The Need for an Integrative Jurisprudence of Police
C H A P T E R 1

The Jurisprudence of Police Defined
“Only those who know the law shall be appointed justiciars, constables, sheriffs, or bailiffs”
Magna Carta (1215)1
The term “jurisprudence” combines two words, the Latin juris meaning law and prudence (from the Latin prudentia) meaning practical wisdom. Jurisprudence is practical wisdom—a virtue—applied to law. The great thirteenth-century summa on English law, Bracton’s Treatise on the Laws and Customs of England, defines jurisprudence as a science concerned with “knowledge of things divine and human, the science of the just and unjust.”2 As science, we might say that it is concerned with acquiring knowledge of law, discovering its nature, and the “laws” of law. Bracton also refers to jurisprudence as a “medium” that is “a way to a good end” (Kmiec 32). As a means, or applied science and art, it is directed toward the establishment and preservation of a just order. Bracton, however, does not define jurisprudence itself as a virtue.
On the relation of virtue to art and prudence, Aristotle in his Nicomachean Ethics observes, while there is a virtue of art, there is none of prudence (Ostwald tr. 154). That is because prudence is itself a virtue and, therefore, needs no virtue in addition to make it virtuous. Art, on the other hand, is not itself a virtue and therefore requires virtue if it is to achieve some good.3 Virtue is for the same reason distinct from science and technology—either may be put to vicious ends. So, having some art, science, or technology, man yet requires virtue in addition to make good use of them.
Jurisprudence as science requires intellectual virtues (perception, understanding, and the capacity to reason and correctly draw conclusions from premises) that produce theoretical wisdom. As art, it requires prudence, the practical wisdom to discern the good sought by the art and to identify the efficient means to its production. It also requires moral virtues (particularly justice, integrity, courage, and moderation), the characteristics necessary to conforming the will and actions to the requirements of practical wisdom. These are called for in a world where temptation to wrongdoing, conflicting interests, moral dilemmas, and tragedy put considerable demands on human character. It is especially required in professions, such as law enforcement, where the power conferred on officials may itself pervert judgment. Prudence and moral virtue are both necessary for the exercise of the jurisprudential art, if it is to procure the comprehensive good of justice that Aristotle states “produce[s] and preserve[s] happiness for the social and political community” (Nicomachean Ethics, Ostwald tr. 113). I shall use the term “jurisprudence,” which contains the root “prudence,” to denote not just art and science, but virtue as well. Jurisprudence is intellectual and practical wisdom applied to law as science and art.

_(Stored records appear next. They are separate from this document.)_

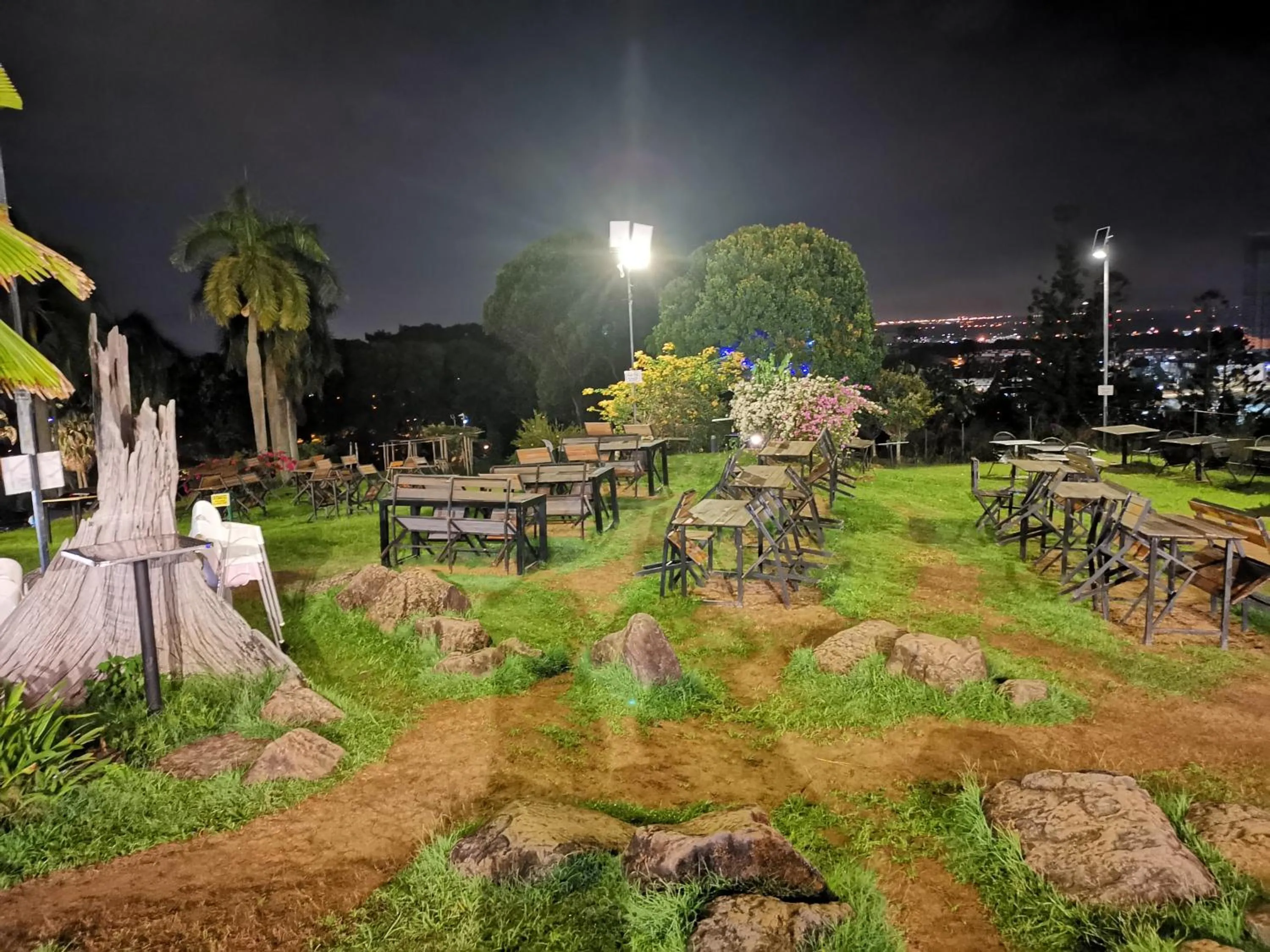 Restaurant/places to eat in Bell Suite @ Sepang KLIA Kota Warisan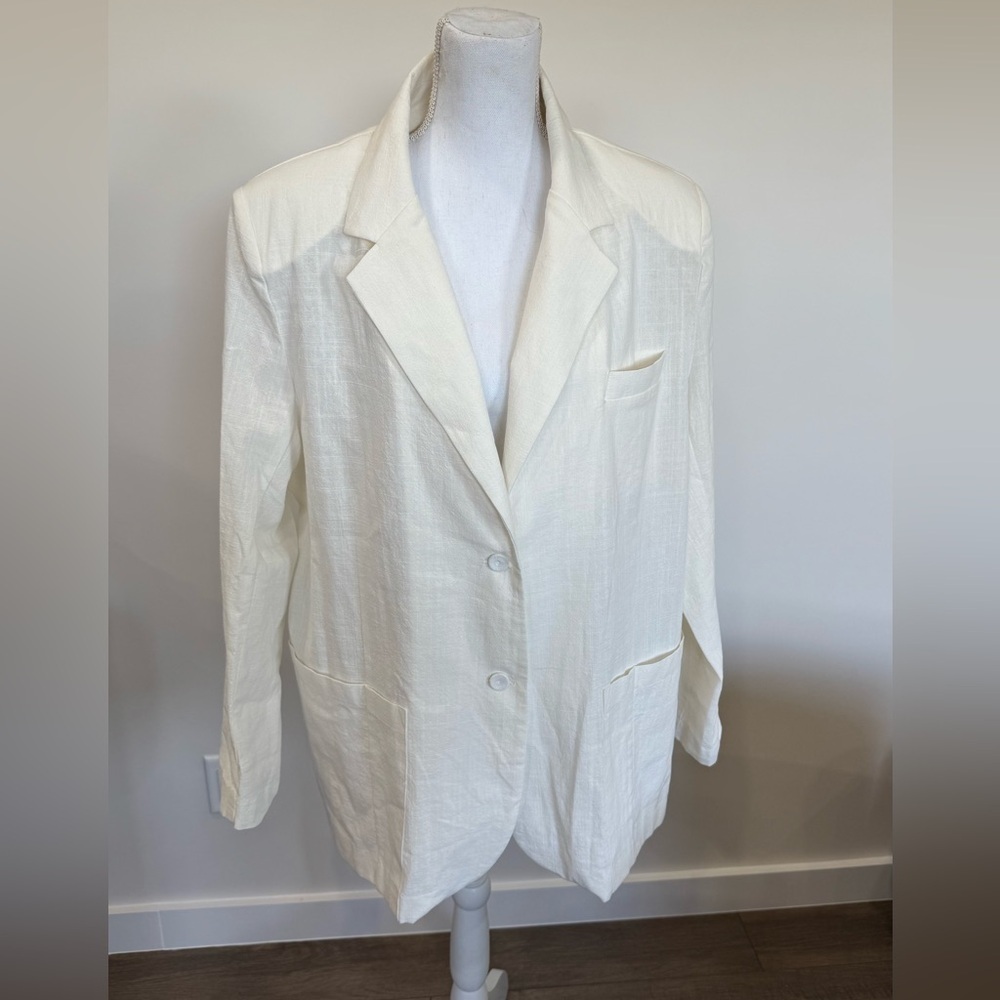 Storets Two Button Oversized Blazer Size S/M Minimalist Chic Contemporary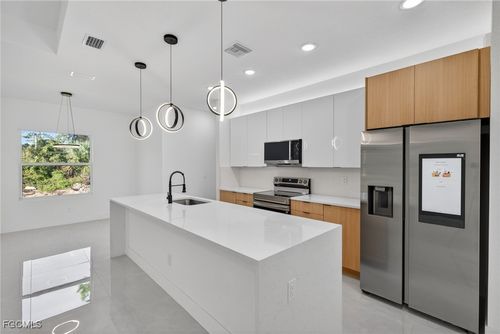 220 Lomax Ave S, Lehigh Acres, FL, 33974-4804 | Card Image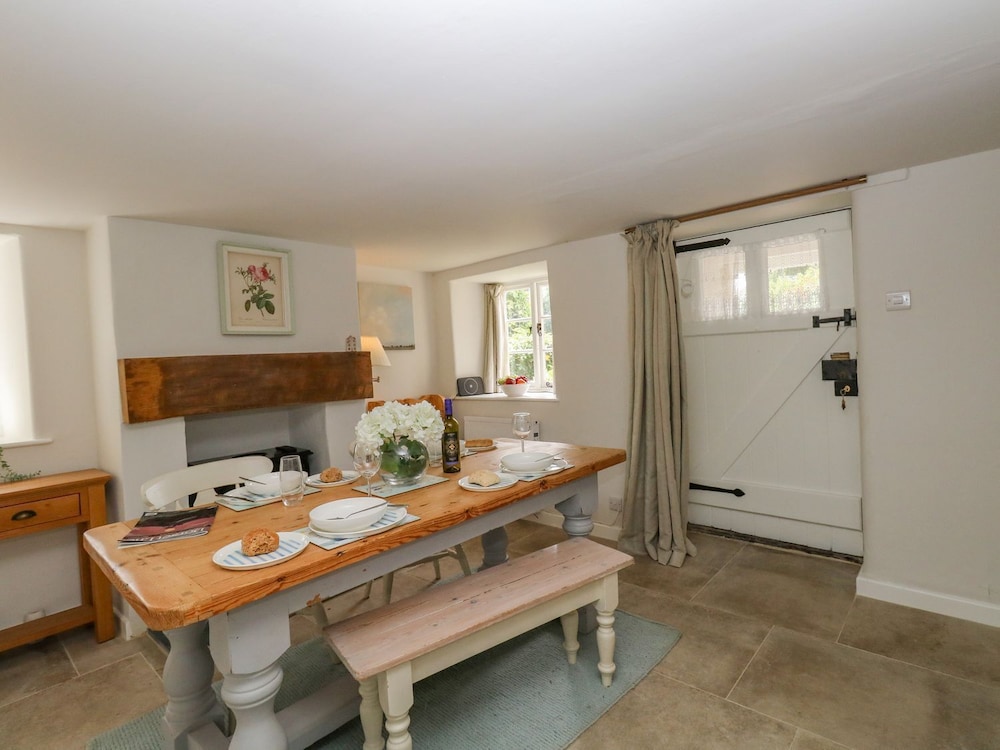 Alice's Cottage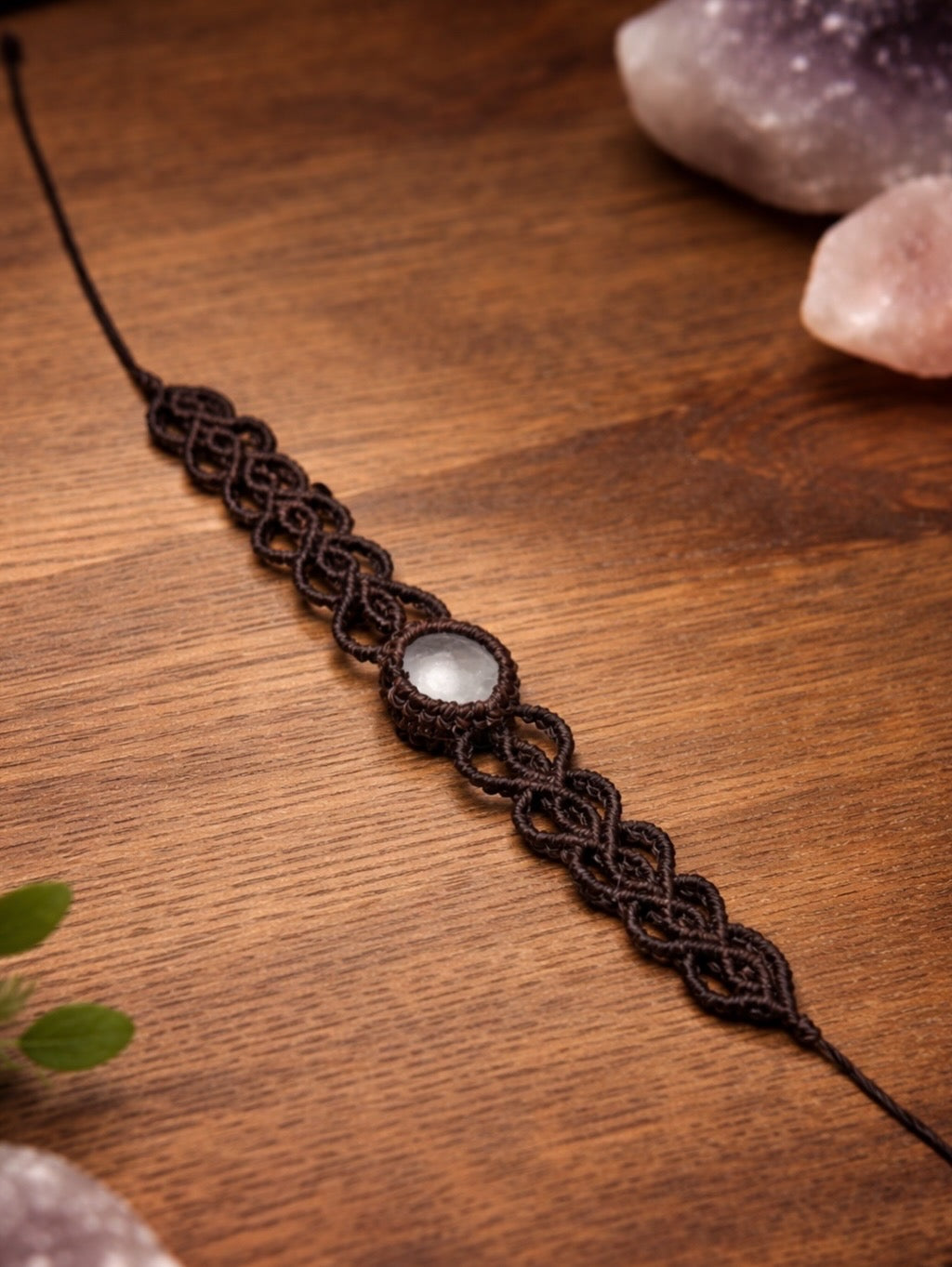 Bergkristall Makramee Armband – Klarheit & pure Energie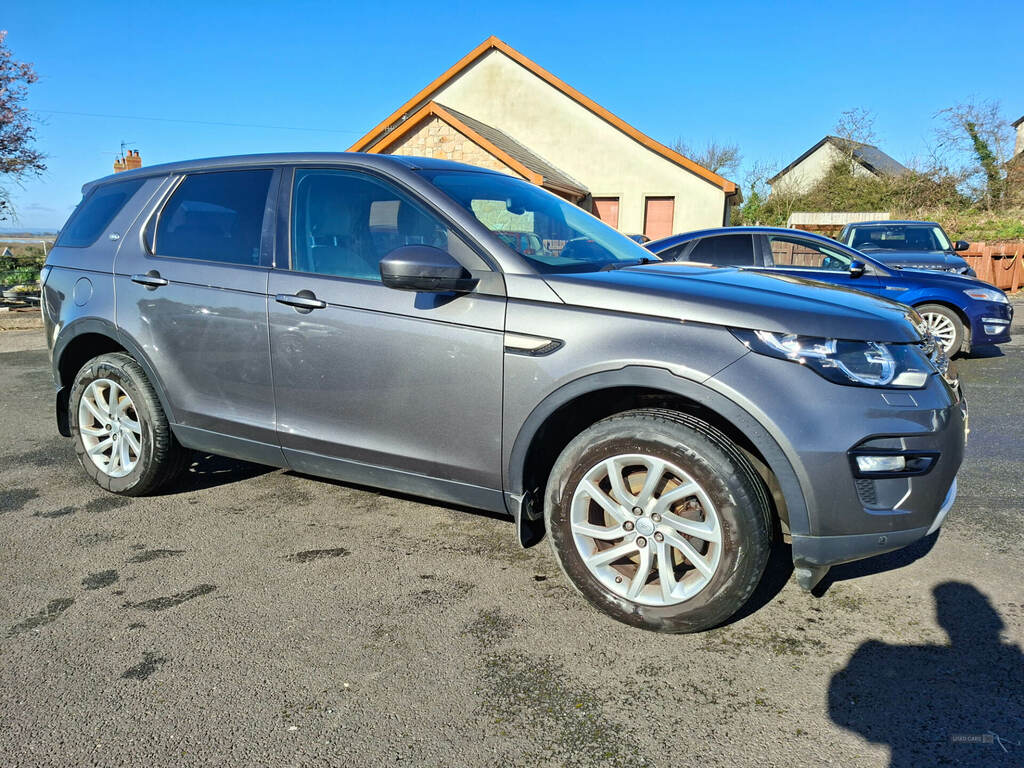 Land Rover Discovery Sport 2.0 Td4 180 Se Tech Grey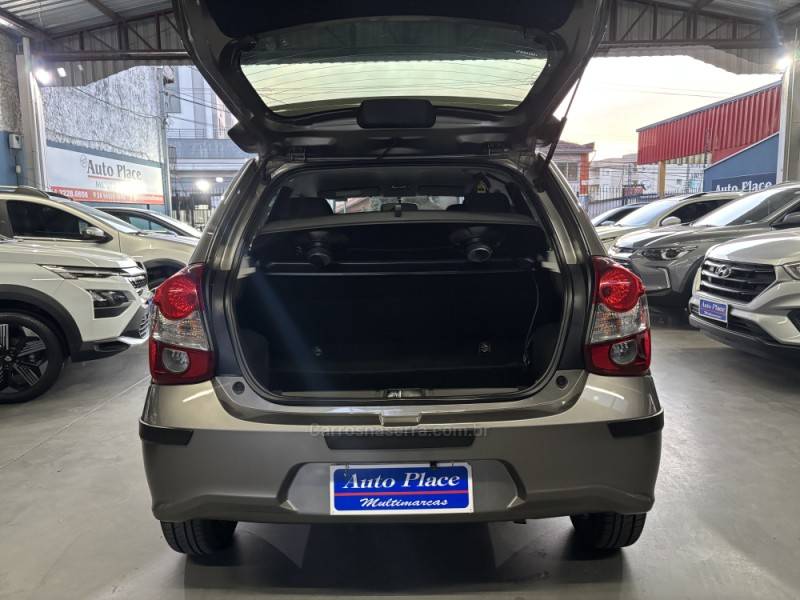 TOYOTA - ETIOS - 2019/2020 - Cinza - Sob Consulta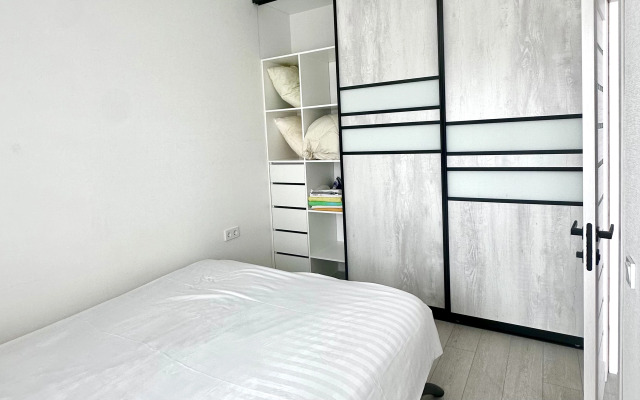 Na Bryanskoy 18 Flat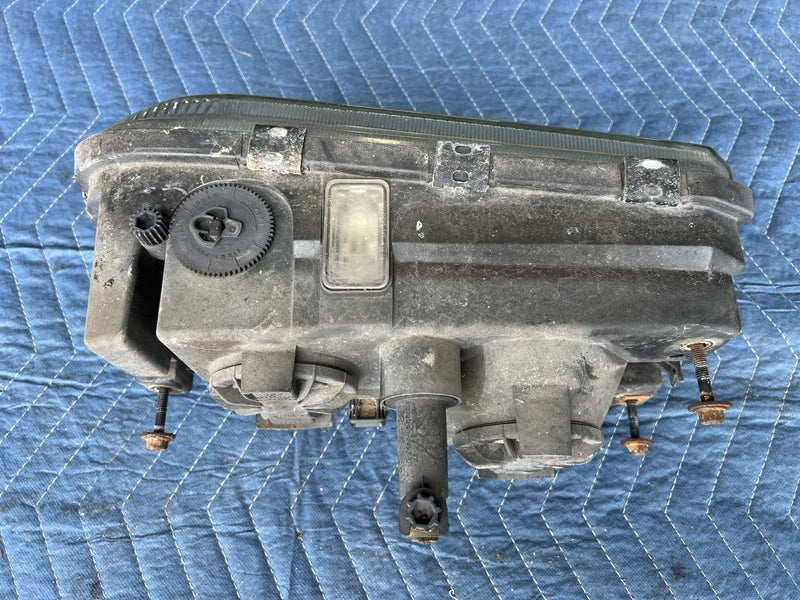 1993-1997 Volvo 850 850R Front Right Passenger Side Headlight Assembly OE #4543E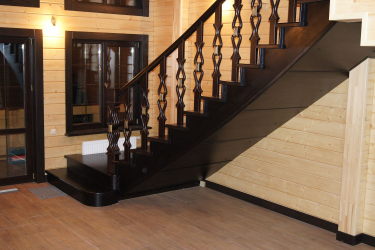 Terminando as escadas em uma casa particular: As idéias mais populares (laminado, azulejo, pedra). Selecionamos apenas materiais práticos e confiáveis ​​(mais de 160 fotos)
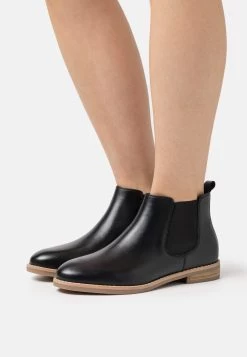 Pier One Leather - Botines Bajos - Black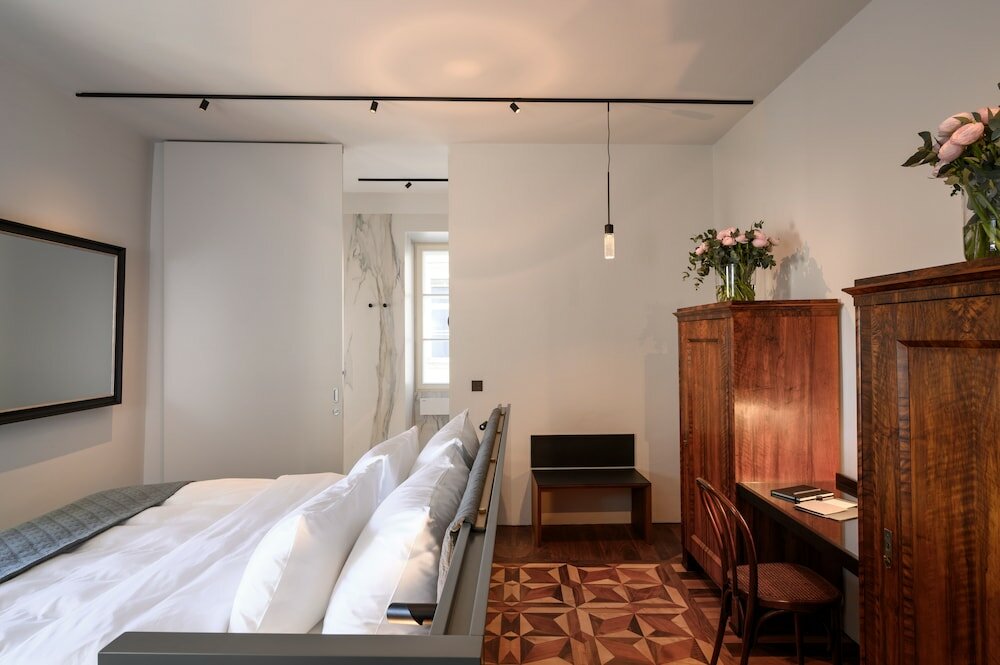 Фото Zlata Ladjica Boutique Hotel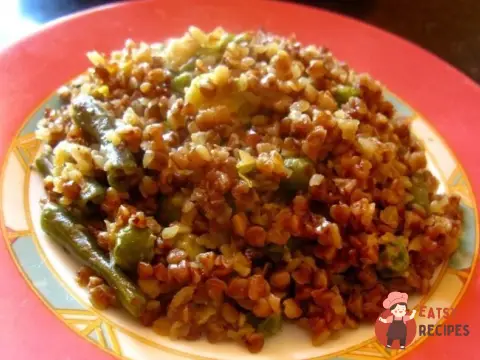 Гречана каша з сиром та овочами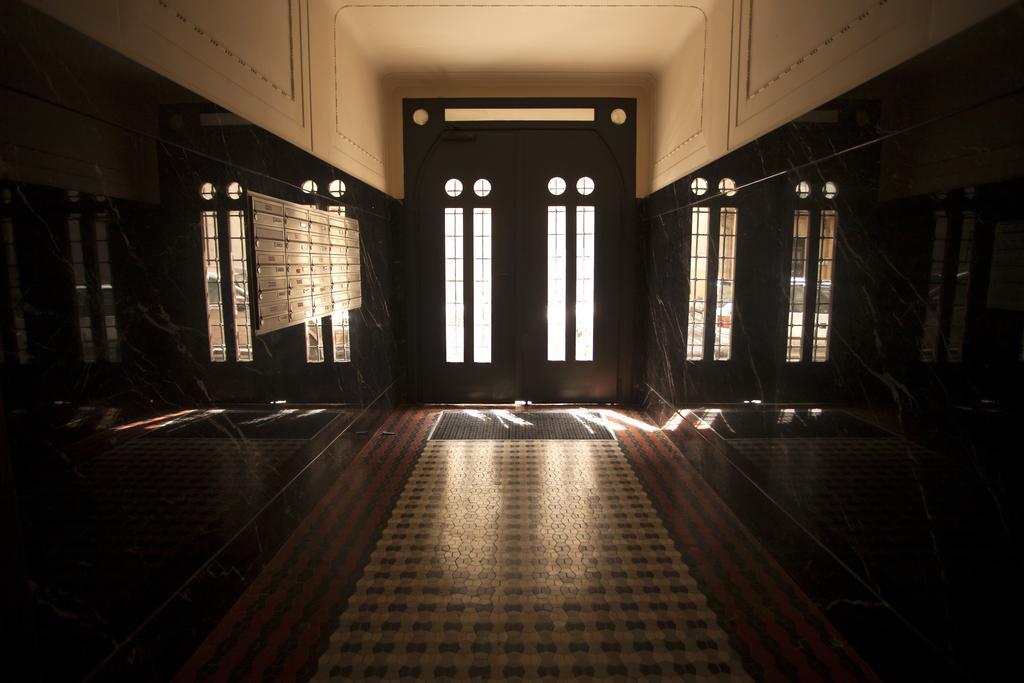 Art Nouveau Apartment Прага Экстерьер фото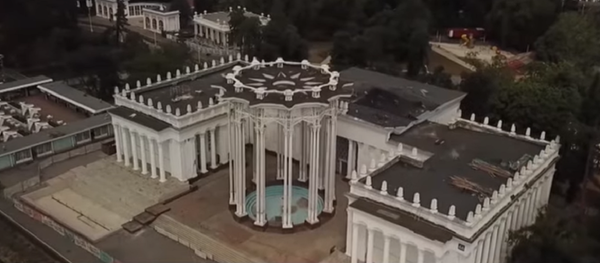 Kak restavriruyut pavilon Uzbekistana na VDNX - video - Sputnik O‘zbekiston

One may undertake legal science in order to understand legal phenomena for the sake of understanding. The knowledge itself is the good sought; it is the end of theoretical science. The science of law concerns not only what holds universally (Aristotle thought that there is but one constitution according to nature) but also what holds only in particular circumstances and what is changeable since law pertains to human affairs, and human affairs are, as Aristotle said, “irregular.” Constitutions and laws vary, partly according to customs and conventions, and each may be said to vary with time.4 Some contemporary legal scholars, albeit not without controversy, refer to our “evolving constitution.” That the law evolves, however, is not a view exclusive to modern liberals; Edmund Burke himself held to such a view.5
Harold Berman identifies several characteristics necessary for the legal scientist if he or she is to be well suited to pursuing knowledge of law. These include the capacities of objectivity and integrity in conducting research, the evaluation of that research according to universal standards of scientific merit, openness to the possibility of error and “organized skepticism” about theories and theses, tolerance of new ideas until disproved, and an assumption that science is an “open system” based on “increasingly close approximations to truth rather than final answers” (Law and Revolution 155). Because law often entails the balancing of conflicting interests, the student of law must be prepared to avoid ideological and other biases, be open to admitting error, and be tolerant of new ideas. These virtues will also be of value to those involved in law’s application, the practitioners of the art of jurisprudence, as their work requires, inter alia, the resolution of conflicts that arise among individuals pursuing diverse interests.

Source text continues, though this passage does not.